Stored records:

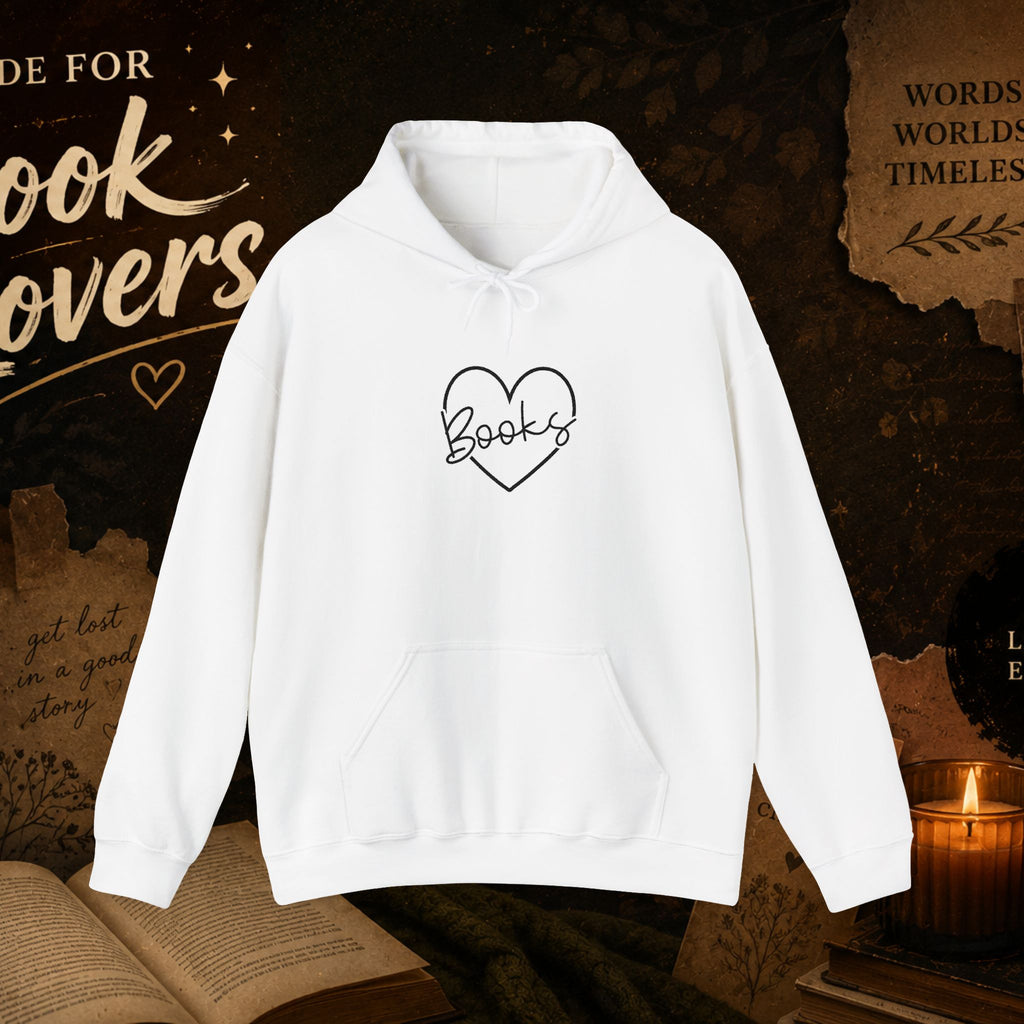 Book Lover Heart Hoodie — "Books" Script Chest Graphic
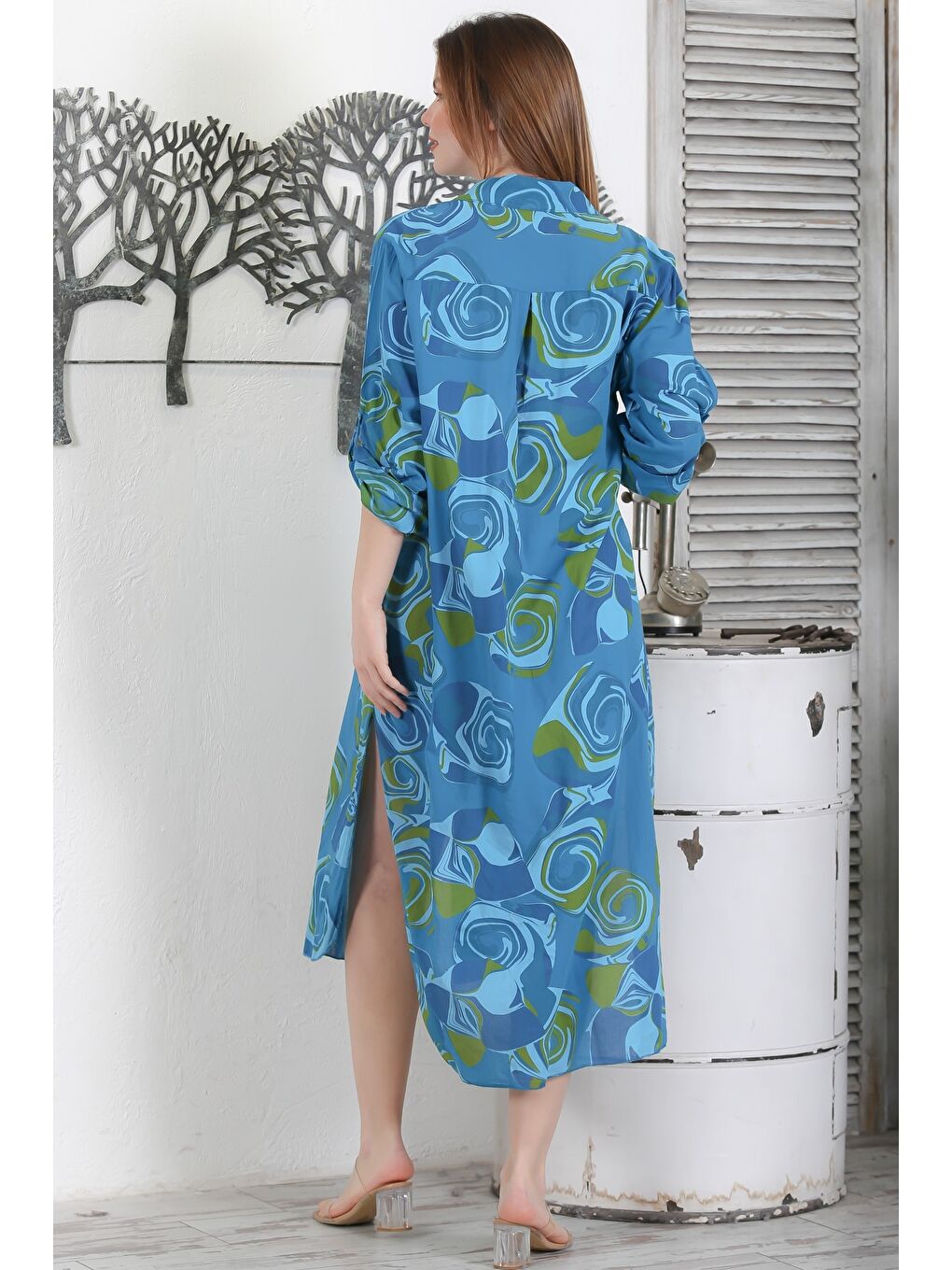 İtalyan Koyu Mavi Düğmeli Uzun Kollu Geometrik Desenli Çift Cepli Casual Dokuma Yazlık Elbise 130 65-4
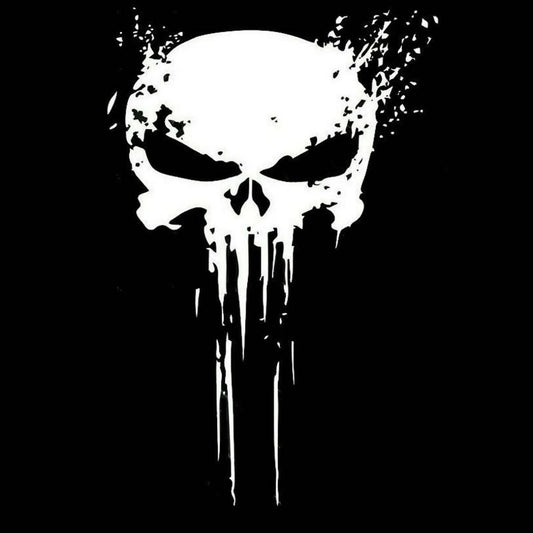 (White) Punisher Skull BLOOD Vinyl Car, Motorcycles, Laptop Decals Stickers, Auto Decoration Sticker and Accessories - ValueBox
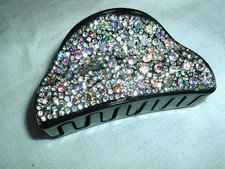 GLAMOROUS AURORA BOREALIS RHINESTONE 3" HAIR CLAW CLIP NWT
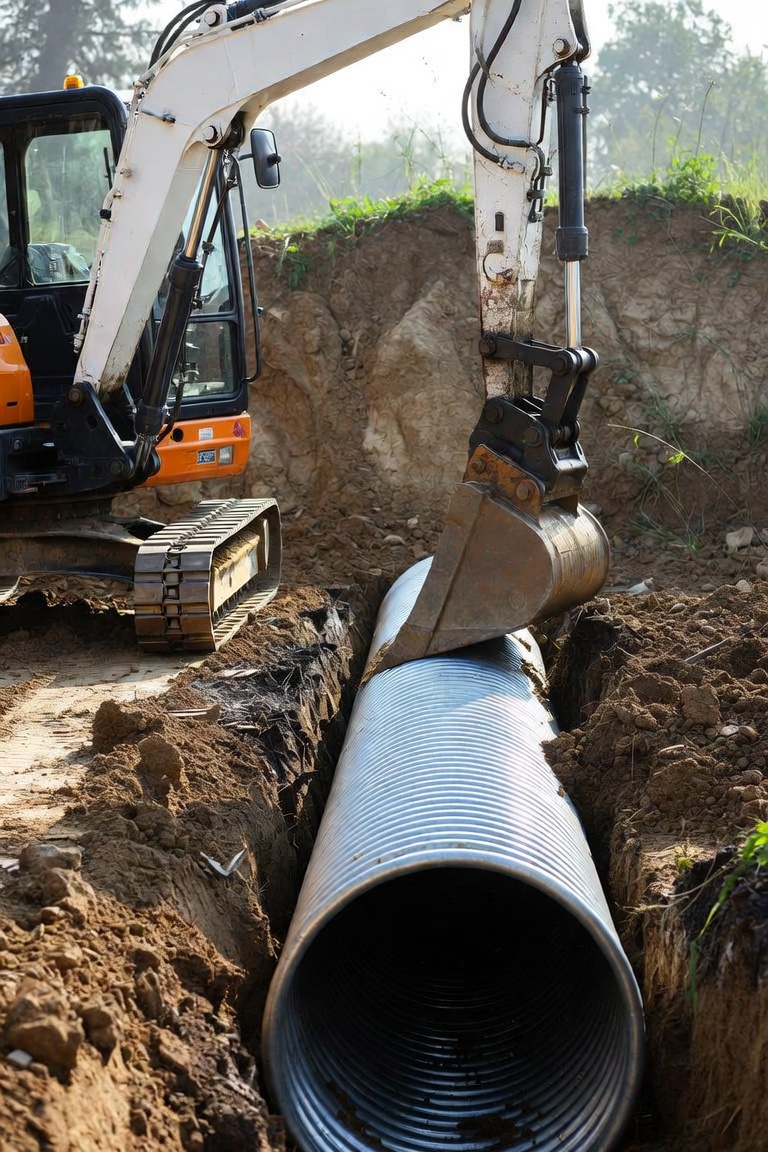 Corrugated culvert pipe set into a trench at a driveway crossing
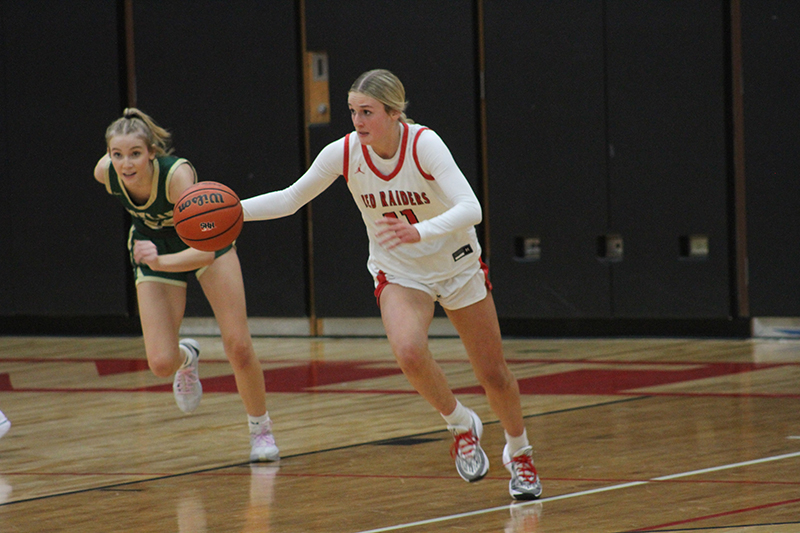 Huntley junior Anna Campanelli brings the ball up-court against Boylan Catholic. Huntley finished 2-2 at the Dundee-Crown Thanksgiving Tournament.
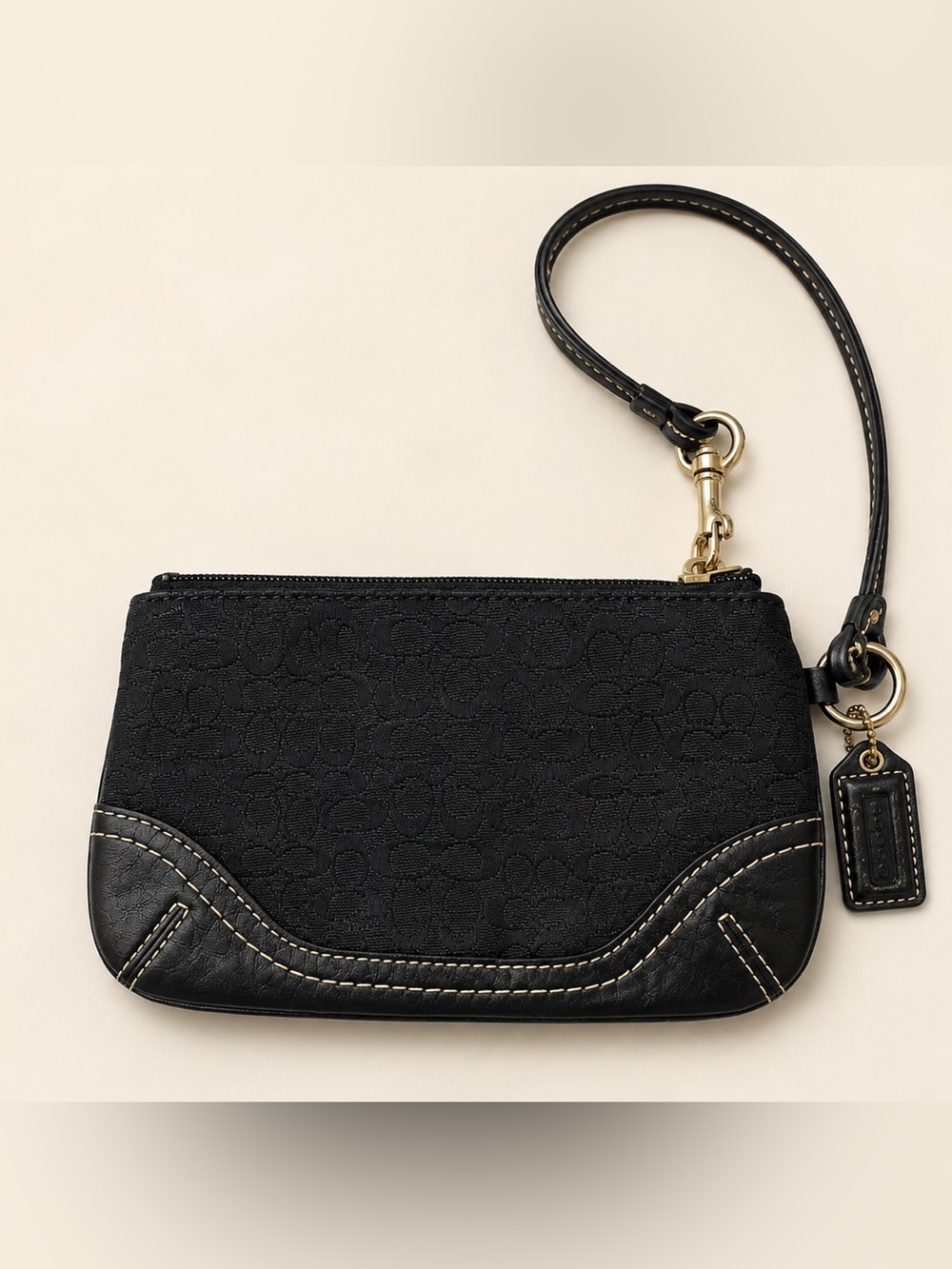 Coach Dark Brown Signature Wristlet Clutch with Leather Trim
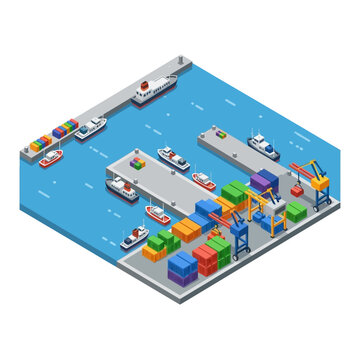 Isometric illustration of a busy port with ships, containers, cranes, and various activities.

Description of the task:
Your reply must hold only the lines from the line containing "Huntley junior Anna" through the end of the records above, written out exactly, both ends included, with no pictures, please.

Solution to this problem:
 Huntley junior Anna Campanelli brings the ball up-court against Boylan Catholic. Huntley finished 2-2 at the Dundee-Crown Thanksgiving Tournament.
 Coach Dark Brown Signature Wristlet Clutch with Leather Trim
 Isometric illustration of a busy port with ships, containers, cranes, and various activities.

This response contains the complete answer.